» Recorded information

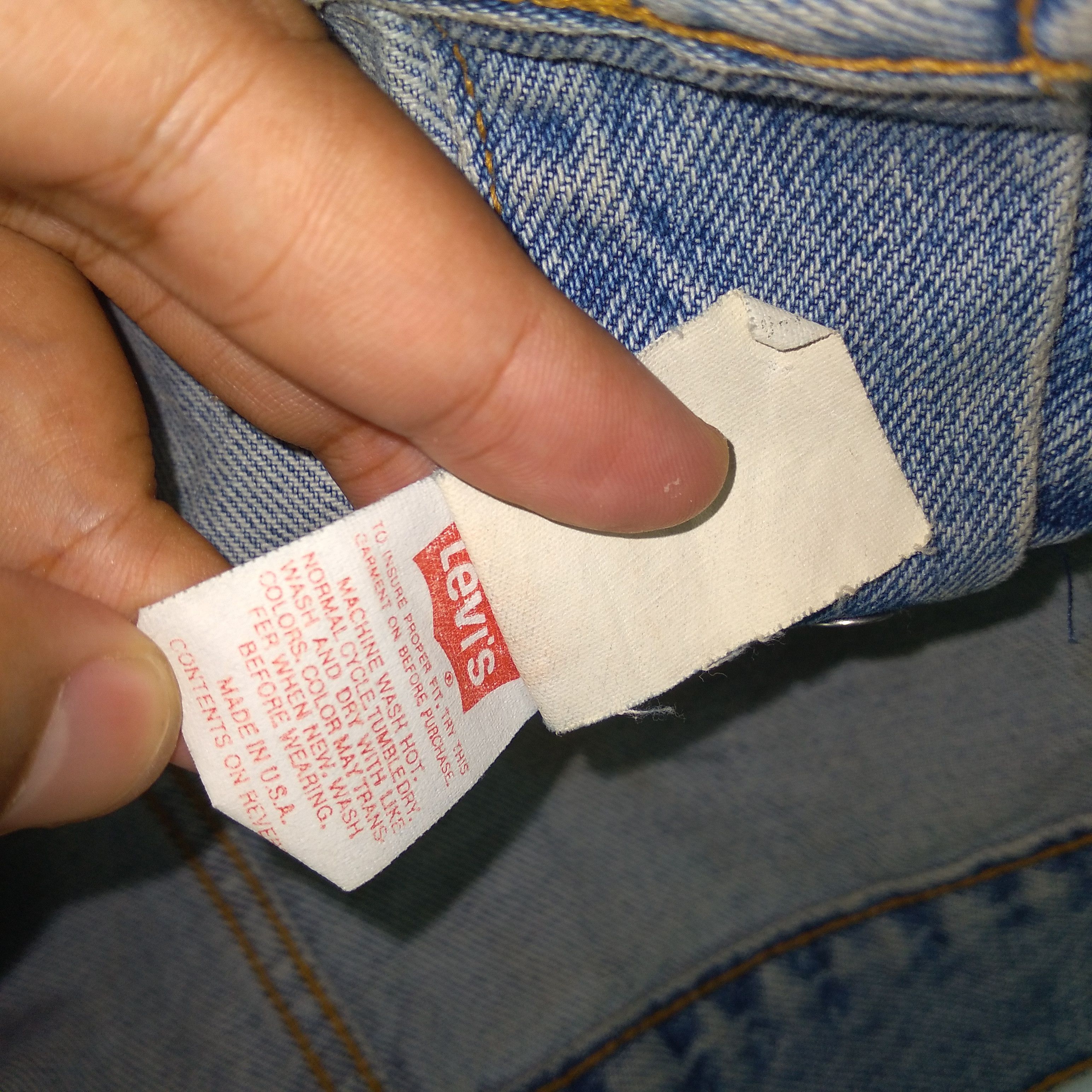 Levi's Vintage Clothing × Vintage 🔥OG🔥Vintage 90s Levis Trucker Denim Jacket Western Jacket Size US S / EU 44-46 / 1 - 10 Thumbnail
...
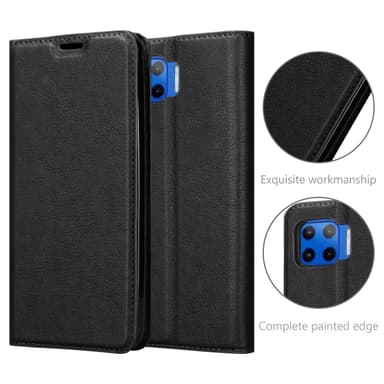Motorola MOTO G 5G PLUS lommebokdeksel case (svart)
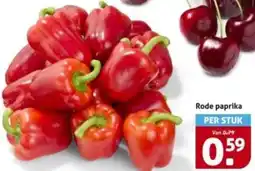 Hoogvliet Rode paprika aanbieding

» Brief
Set down word for word the lines above from the one with "Motorola MOTO G" up to and including the one with "Hoogvliet Rode paprika aanbieding". Omit every picture.

» Solution to this task
Motorola MOTO G 5G PLUS lommebokdeksel case (svart)
 Hoogvliet Rode paprika aanbieding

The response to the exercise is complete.